PHILADELPHIA -- The constant in-game chatter has returned. So have the incessant clapping, the expansive smile and the bat that shoots lasers to every part of a baseball diamond.
"I'm feeling good, feeling like I have a lot of energy," said Tejada, whose four-year stint as the Orioles' starting shortstop ended in December when he was dealt to the Astros for five players.
"I always have my energy on me, even when I am on a losing team. I'm on a new team, and this team wants to win," he said. "That's why they bring me over here, to try to win. And I have to work hard every day."
The Astros (6-9) have started slowly, but Tejada hasn't. Through 15 games, he is batting .296 with two homers and 10 RBIs.
"He's done everything; I mean everything," Astros manager Cecil Cooper said. "You name it, he's done it. He's been the guy rallying the troops together. He's been the cheerleader in the dugout, the cheerleader on the field. ... He does everything."
This might be a welcome change of scenery, but it's not a rebirth, Tejada said. He said he's enjoying the game the way he did in Baltimore and in Oakland. He contended he played energetically during his entire time as an Oriole -- through the losing years, the steroid rumors and that roller-coaster 2005 season.
"I am the same player. I work hard now, too," he said while in the Citizens Bank Park visiting clubhouse this week, the closest he has been to Camden Yards since his final game in September. "New team, that's the only difference."
Scouts and other observers, however, say Tejada looks re-energized, especially on defense, where he is making plays both routine and exceptional.
"He has played great defense," Astros left fielder Carlos Lee said. "You pretty much know him for his hitting skills and he plays OK defense, but here he has been making unbelievable plays. He's been everywhere."
It has been a source of pride for Tejada, 31, to continue to play shortstop. After the whispers grew louder last year that he had diminishing range and needed to switch to third base, Tejada made it a priority this spring to prove the critics wrong.
In his first 15 games, he has made one error compared with four in his first 10 last year. His 2008 fielding percentage of .984 is 13 points higher than his career average.
"I always played a great defense. Even in Baltimore," Tejada said. "They make the comments I lost a couple steps. I don't know why they said that. I am the same shortstop I always [have been]. It's true when people talk bad about you, it makes the news. When people say something wrong about me, it makes me work harder."
Each morning this spring, Tejada and Astros third base coach Ed Romero worked on Tejada's footwork, his setup and his approach -- well before other players took the field. Cooper said it's obvious the extra drills paid off.
"There have been balls he's gotten to that have been up the middle. He's gotten to balls in the holes. He's made a couple plays from the hole that were just tremendous," Cooper said. "If he plays like that all year I am going to be elated."

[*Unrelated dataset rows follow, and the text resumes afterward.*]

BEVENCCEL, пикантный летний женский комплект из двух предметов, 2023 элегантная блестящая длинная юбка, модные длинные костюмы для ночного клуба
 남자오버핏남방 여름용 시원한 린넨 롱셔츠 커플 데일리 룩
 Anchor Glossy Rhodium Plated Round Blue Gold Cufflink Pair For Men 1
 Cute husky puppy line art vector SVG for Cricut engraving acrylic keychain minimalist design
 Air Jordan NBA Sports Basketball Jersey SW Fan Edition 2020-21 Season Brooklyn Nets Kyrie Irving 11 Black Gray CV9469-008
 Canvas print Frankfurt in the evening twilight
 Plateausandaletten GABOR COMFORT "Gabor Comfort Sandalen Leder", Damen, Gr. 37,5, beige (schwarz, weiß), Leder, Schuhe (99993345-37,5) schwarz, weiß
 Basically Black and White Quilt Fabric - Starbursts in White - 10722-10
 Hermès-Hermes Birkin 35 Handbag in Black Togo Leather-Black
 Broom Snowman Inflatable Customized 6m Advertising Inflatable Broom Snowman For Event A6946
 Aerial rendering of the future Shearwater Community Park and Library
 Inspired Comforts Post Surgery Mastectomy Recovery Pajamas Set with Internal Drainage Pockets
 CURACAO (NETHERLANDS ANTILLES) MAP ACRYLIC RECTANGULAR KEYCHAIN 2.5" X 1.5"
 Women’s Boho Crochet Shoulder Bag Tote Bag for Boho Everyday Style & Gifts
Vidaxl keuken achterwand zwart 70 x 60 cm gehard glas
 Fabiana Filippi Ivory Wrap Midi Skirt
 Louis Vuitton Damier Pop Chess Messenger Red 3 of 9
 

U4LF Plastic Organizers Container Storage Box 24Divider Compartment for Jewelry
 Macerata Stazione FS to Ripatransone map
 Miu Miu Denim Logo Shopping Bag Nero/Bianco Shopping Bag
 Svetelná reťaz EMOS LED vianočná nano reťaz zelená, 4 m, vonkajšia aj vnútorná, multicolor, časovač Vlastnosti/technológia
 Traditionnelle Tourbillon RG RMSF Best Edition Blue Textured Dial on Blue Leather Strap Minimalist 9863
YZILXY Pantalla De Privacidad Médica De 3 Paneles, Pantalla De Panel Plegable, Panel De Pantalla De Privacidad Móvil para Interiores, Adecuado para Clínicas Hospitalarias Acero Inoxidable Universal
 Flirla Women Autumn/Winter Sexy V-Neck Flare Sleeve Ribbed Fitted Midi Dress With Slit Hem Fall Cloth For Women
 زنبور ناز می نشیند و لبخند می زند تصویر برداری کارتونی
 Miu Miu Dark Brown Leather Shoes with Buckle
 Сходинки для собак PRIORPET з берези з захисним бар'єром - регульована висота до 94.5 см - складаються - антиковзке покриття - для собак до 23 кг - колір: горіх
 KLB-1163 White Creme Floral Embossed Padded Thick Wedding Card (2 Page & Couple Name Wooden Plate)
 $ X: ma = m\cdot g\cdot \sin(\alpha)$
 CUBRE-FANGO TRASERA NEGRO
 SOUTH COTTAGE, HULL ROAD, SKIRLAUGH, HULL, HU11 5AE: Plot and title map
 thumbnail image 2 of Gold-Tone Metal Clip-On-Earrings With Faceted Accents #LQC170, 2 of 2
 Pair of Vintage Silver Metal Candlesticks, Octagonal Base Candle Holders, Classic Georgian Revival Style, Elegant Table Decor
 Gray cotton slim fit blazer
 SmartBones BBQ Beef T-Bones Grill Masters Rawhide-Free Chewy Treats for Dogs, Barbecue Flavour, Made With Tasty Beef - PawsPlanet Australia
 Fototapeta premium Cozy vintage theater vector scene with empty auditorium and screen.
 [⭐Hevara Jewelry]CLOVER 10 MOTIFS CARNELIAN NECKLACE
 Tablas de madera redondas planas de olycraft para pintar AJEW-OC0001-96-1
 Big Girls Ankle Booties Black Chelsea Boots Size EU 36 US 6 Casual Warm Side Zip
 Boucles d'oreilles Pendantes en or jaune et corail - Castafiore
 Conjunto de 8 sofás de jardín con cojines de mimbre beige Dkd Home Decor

Tejada started out slowly with the bat and glove. But as the exhibition season progressed, he became more comfortable with the rocky infield in Kissimmee, Fla.
Cooper said he assumed Tejada was struggling with the new environment as well as his inclusion in baseball's Mitchell Report on performance-enhancing drugs and a pending federal probe into possible perjury charges alleging he lied during a 2005 investigation of former Oriole Rafael Palmeiro.
As part of an agreement between the union and Major League Baseball, none of those named in the Mitchell Report will be disciplined for actions uncovered by the Mitchell committee. However, an MLB spokesman said it is unclear how baseball would proceed if Tejada were indicted federally.
This week, Tejada politely refused to answer a steroid-related question, but last week, after the amnesty was announced, he told Houston reporters he was relieved the suspension possibilities were over.
"What can I say? It's through," he said. "I get mentioned in the Mitchell Report. From that point, I didn't think about it like that. I think [the amnesty] is good for baseball. Now all the guys can concentrate and play good baseball and we'll move forward."
He definitely seems to be moving on from his time in Baltimore, though he said he would always have a soft spot for the city and the fans.
"I loved the four years I had been there. I was happy, and there's nothing wrong that I have to say there," said Tejada, whose Astros will play at Camden Yards June 17-19. "One of the reasons I want to come back this year is because I want to say hi to all my teammates and I want to see the ballpark, a great ballpark."
"I'd still take it. It was a great trade for us," Cooper said. "They are benefiting, but I think we are just as much, maybe even more. Because I think we have a chance to win and those guys are still growing. ...
"If you want to win, you pay the price. But we feel good about it. We really do."